For anyone who loves to look at those artfully arranged platters of sushi, but feels intimidated by the unidentified offerings, Ichiban co-owner Laura Miller offers a sushi primer.

First, a clarification. Those sliced rolls of sticky rice with centers of vegetables and seafood are not sushi. They're called maki and are a mild choice for first-timers to Pan-Asian cuisine. Some centers contain raw fish, but others have smoked salmon, or cooked shrimp and lobster. Others are vegetarian rolls.

Shrimp is always served cooked, unless it is "sweet shrimp." Clams are always cooked.

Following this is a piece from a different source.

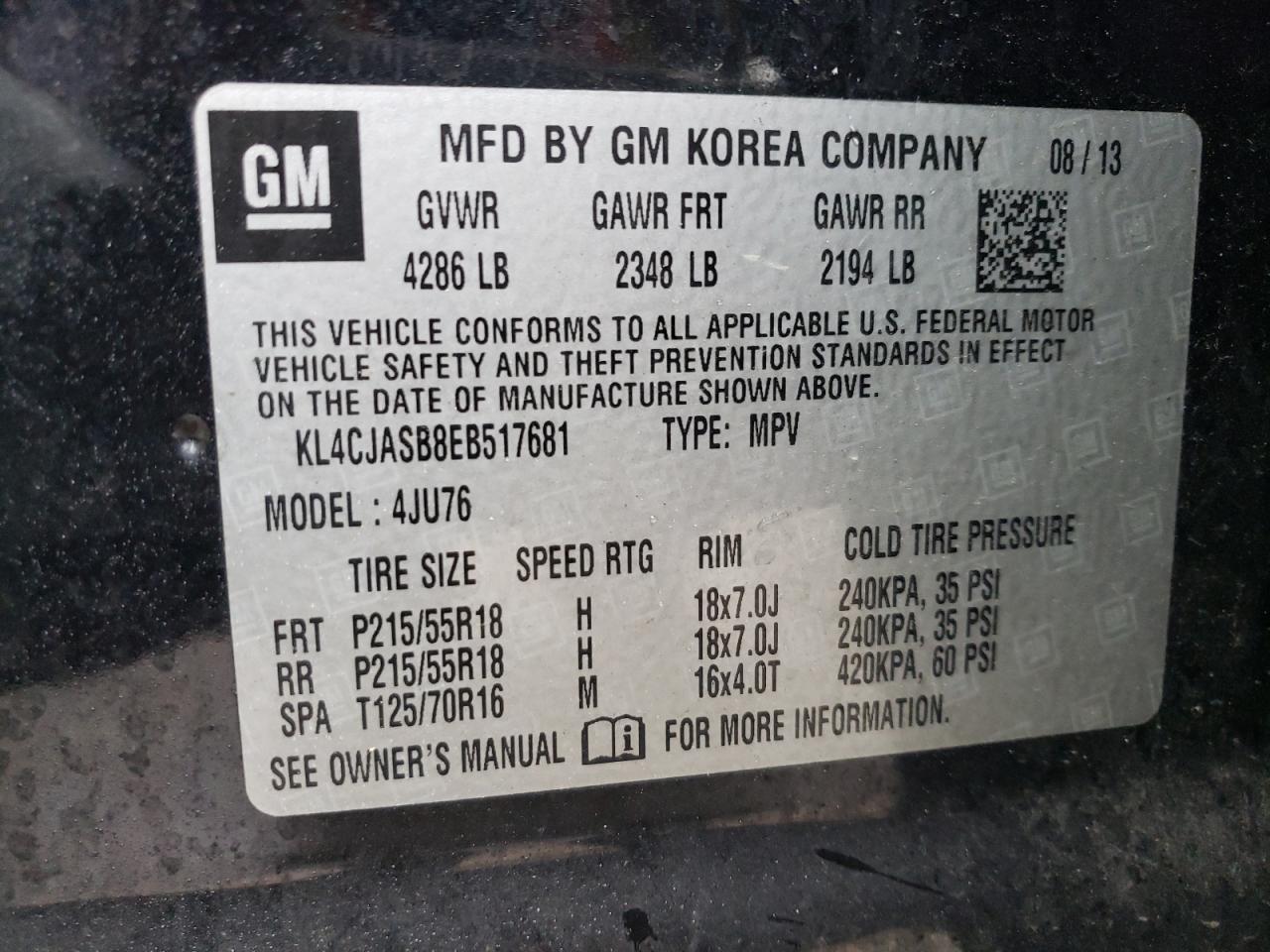 KL4CJASB8EB517681 2014 Buick Encore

If the ingredients aren't clear on the menu, just ask your server which rolls are particularly mild or don't contain raw fish.

"Our number-one roll is Lobster Crunch Maki, which has cream cheese, avocado, tempura crunch rolled in rice, then topped with lobster salad. It's topped with a sweet dark sauce," Miller said. So much for the notion that the requisite fresh ingredients would produce light fare. "Lobster Crunch Maki is definitely an indulgence."

The California roll is a popular choice for first-timers. Rolled in black seaweed paper, the center is a cooked imitation crab stick, cucumber and avocado. It's wrapped in rice bound together with rice wine vinegar. All rolls are cut into six or eight pieces and served with soy sauce spicy green wasabi and pink pickled ginger.

Some other notable maki combinations at Ichiban are Boston maki (lettuce, avocado and smoked salmon), Rainbow maki (avocado, smelt roe, crabstick and five kinds of fish), Philly maki (smoked salmon, cream cheese and cucumbers), and Almost Heaven maki (shrimp blue crab, green onions, spicy mayo and chili pepper.)

Some patrons mix the wasabi into their soy sauce to give the rolls extra bite when dipped in the sauce. Others dab the wasabi directly on their rolls for even more zing. A taste of the ginger between courses cleanses the palate.

Sushi is the next step up from maki. Sushi is molded rice with a thin piece of raw fish on top. The fish in sushi is always raw, but it's not just any fish.

"Sushi is made with 'sushi-grade' fish. It's the best you can get," Miller said. "Our suppliers must be certified that their fish is sushi-grade."

When discussing raw fish consumption, the topic of health and safety naturally comes up. The health department inspects Ichiban's facilities every three months, twice as often as establishments that don't serve sushi, said Miller.